ゴジラ映画史上初のアニメ―ション映画『GODZILLA』三部作の最終章『GODZILLA 星を喰う者』の公開を記念し、東宝株式会社ゴジコン(ゴジラ戦略会議)の海野航平さんに、誕生秘話や新たなコジラのチャレンジについて話を聞いたが、後編では日本版の実写とアニメで全32作、さらにハリウッド版と沢山あるゴジラ映画の楽しみ方について教えてもらった。

■社会性を反映したゴジラの歴史

ゴジラ映画は数も多く、どこから見たらよいかわからない人もいるかもしれない。そこでゴジラの歴史を振り返りつつ、押さえておきたいタイトルを挙げていただいた。

「ゴジラ映画にはそれぞれの時代性を反映しているという特徴があります。1作目は戦後9年で製作されたので、『また疎開しなきゃ』といった戦争色が濃いセリフも出てきます。60年代になると、いっそ娯楽に思い切り振り切ろうということで『キングコング対ゴジラ』という西洋と東洋の二大怪獣激突的なものがあったり、『モスラ対ゴジラ』には、地域開発に携わっているような悪徳業者が出てくるなど、その時代の新しい悪の象徴が描写されているものもあります」(海野さん)

政治や社会の生々しい部分を反映した設定が随所に見られる点が興味深い。

■カギっ子の小学生が主人公の作品も

70代以降も世相を反映させた作品が続く。

「70年代になると、公害問題を反映したヘドラが登場したり、『ゴジラ・ミニラ・ガバラ オール怪獣大進撃』という作品では『カギっ子』と呼ばれる、親が共働きの小学生が主人公だったりします。

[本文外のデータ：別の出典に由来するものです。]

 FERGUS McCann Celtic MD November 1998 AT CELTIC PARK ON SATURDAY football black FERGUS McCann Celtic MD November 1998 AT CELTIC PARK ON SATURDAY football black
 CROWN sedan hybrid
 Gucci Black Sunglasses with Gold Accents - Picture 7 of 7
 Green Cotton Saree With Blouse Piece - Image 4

80年代に世界は冷戦に突入していたので、核の恐怖を象徴するゴジラを改めて描いた『ゴジラ』(1984)という作品や、89年の『ゴジラVSビオランテ』はバイオテクノロジー関連の争いといったように、当時の世相を反映しているのがゴジラ映画の特徴です」(海野さん)

『シン・ゴジラ』も現在の時代性を反映しており、「3.11」の震災をイメージする人も多いそうだ。

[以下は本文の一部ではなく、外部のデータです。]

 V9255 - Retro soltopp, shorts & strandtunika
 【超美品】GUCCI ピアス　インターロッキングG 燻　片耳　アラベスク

振り返ると、ゴジラの歴史は、まさに戦後以降の日本の歴史を反映したものだということが分かったのではないだろうか。日本の歴史という観点で海野さんが紹介してくれた作品を、未見の方はもちろん、すでに見たことがある方も、改めて見直してみてはいかがだろうか。

●専門家プロフィール:海野 航平
東宝株式会社 ゴジコン(ゴジラ戦略会議)。東宝グループは、「健全な娯楽を広く大衆に提供すること」を使命とし、小林一三により設立されて以来、映画・演劇を中心に、幅広い層のお客様に夢や感動、喜びをもたらす数多くのエンタテインメント作品を届けている。